Numerous disorders, such as attention deficit hyperactivity disorder (ADHD), schizophrenia, frontal dementia, Alzheimer’s, Huntington’s and Parkinson’s diseases are characterized by cognitive impairments. Patients frequently struggle with many everyday activities requiring concentration, memory, problem-solving and planning. The potential public health benefit of improving current treatments for cognitive disabilities in patients is undisputed.

The disorder of schizophrenia provides a particularly good illustration of the potential benefits to be had from exploring new options for the treatment of cognitive dysfunction. It is estimated that 24 million people worldwide suffer from schizophrenia, with the condition ranking third in terms of the global burden of neuropsychiatric conditions, following depression and alcohol dependence.

The economic impact alone of the disorder is enormous: in the United States the direct and indirect costs of schizophrenia were estimated to have been as much as $40 billion in the year 2000. In many patients with schizophrenia, cognitive difficulties are the main factor limiting full rehabilitation – such as returning to work – and quality of life, particularly after the clinical symptoms have remitted.

Indeed, it has been proposed that in certain patients with schizophrenia even small improvements in cognitive functions, such as enhancing the ability to adapt efficiently to new situations and to plan effectively, could help patients make the transition to independent living outside a psychiatric institution. The relatively recent shift in clinical emphasis, away from a restricted targeting of the more overt psychotic symptoms of this disorder, serves to emphasize the debilitating long-term effects that cognitive impairments can have, and the need to identify effective treatments.
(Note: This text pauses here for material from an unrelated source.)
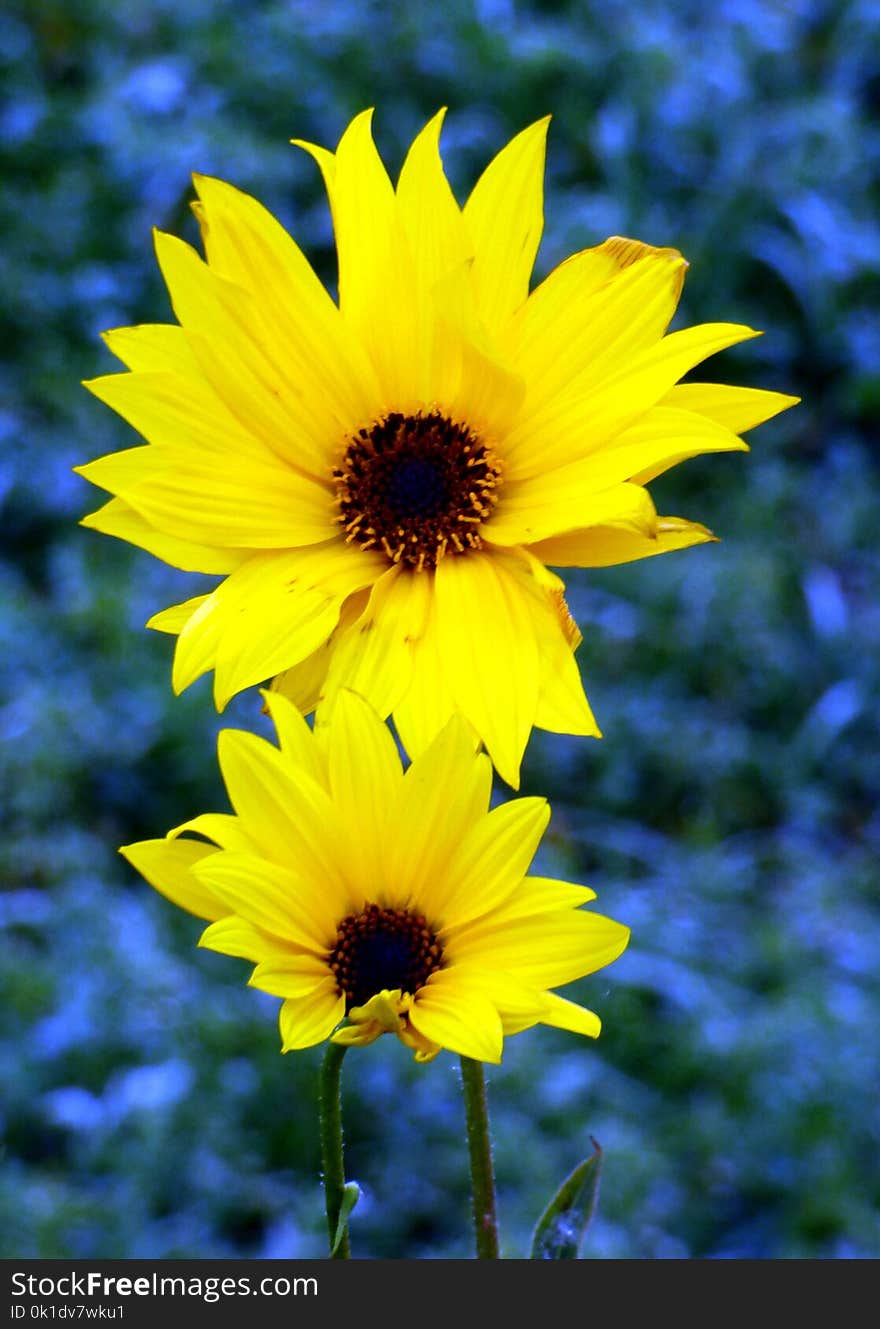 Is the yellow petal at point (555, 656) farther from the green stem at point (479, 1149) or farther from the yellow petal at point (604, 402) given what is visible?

Research on cognitive enhancement

A major problem in patients with schizophrenia, including those with first episode psychosis is the lack of cognitive flexibility in problem solving, which impacts on their ability to adapt effectively in daily life. Evidence suggests that impaired cognitive flexibility may be a marker of disease progression since it may deteriorate over time despite antipsychotic medication, and relates to duration of untreated psychosis. Recent research shows that patients with schizophrenia given the cognitive enhancer modafinil significantly improve in terms of their cognitive flexibility so that their performance is similar to that of healthy volunteers.

In addition, it has been demonstrated that modafinil is able to improve impulsive behaviour in adults with attention deficit hyperactivity disorder and even improves aspects of memory and executive functions such as planning in healthy volunteers. Similar results have also been demonstrated in patients with ADHD and frontotemporal dementia and healthy volunteers using methylphenidate. PET neuroimaging has shown that the improvement demonstrated with methylphenidate on executive tasks such as strategic working memory are associated with increased efficiency in the frontal and parietal neural network activated during strategic working memory performance.
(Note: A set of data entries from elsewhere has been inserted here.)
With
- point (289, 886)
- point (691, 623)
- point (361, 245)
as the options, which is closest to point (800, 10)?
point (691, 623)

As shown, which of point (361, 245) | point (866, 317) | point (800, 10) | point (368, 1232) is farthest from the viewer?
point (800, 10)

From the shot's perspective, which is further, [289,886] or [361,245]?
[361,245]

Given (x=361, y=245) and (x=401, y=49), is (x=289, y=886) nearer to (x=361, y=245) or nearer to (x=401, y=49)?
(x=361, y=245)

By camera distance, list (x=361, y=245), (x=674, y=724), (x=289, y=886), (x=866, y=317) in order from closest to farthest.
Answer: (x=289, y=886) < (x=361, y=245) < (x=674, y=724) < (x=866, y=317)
Professor Barbara Sahakian’s laboratory has had extensive experience with proof-of-concept studies in cognition enhancement. Indeed, her early research demonstrated the feasibility of treating the problems in attention and concentration in patients with mild and moderate Alzheimer’s disease with cholinesterase inhibitors which have formed the basis for current treatments. More recently the laboratory has turned its focus on early detection of mild cognitive impairment (MCI) and Alzheimer’s disease with a view to assessing novel cognitive enhancers and neuroprotective agents.

This work will utilise clinical neuropsychology, cognitive psychopharmacology and neuroimaging to devise early outcome measures to short-cut the drug development process for the pharmaceutical industry. Hopefully this will allow for novel effective symptomatic treatments and neuroprotective agents to become available to patients much faster. Currently there are ongoing studies using modafinil to enhance cognition in neurosurgical patients, Huntington’s disease and depression. Studies about to begin include first episode psychosis, mild cognitive impairment and mild Alzheimer’s disease.

A paper published in Science examines research to determine the effects on cognition of novel treatments for ADHD, such as Atomoxetine. This is currently an ongoing focus of PET neuroimaging studies at the Wolfson Brain Imaging Lab alongside investigating non-pharmacological means of enhancing cognition, such as neurocognitive activation.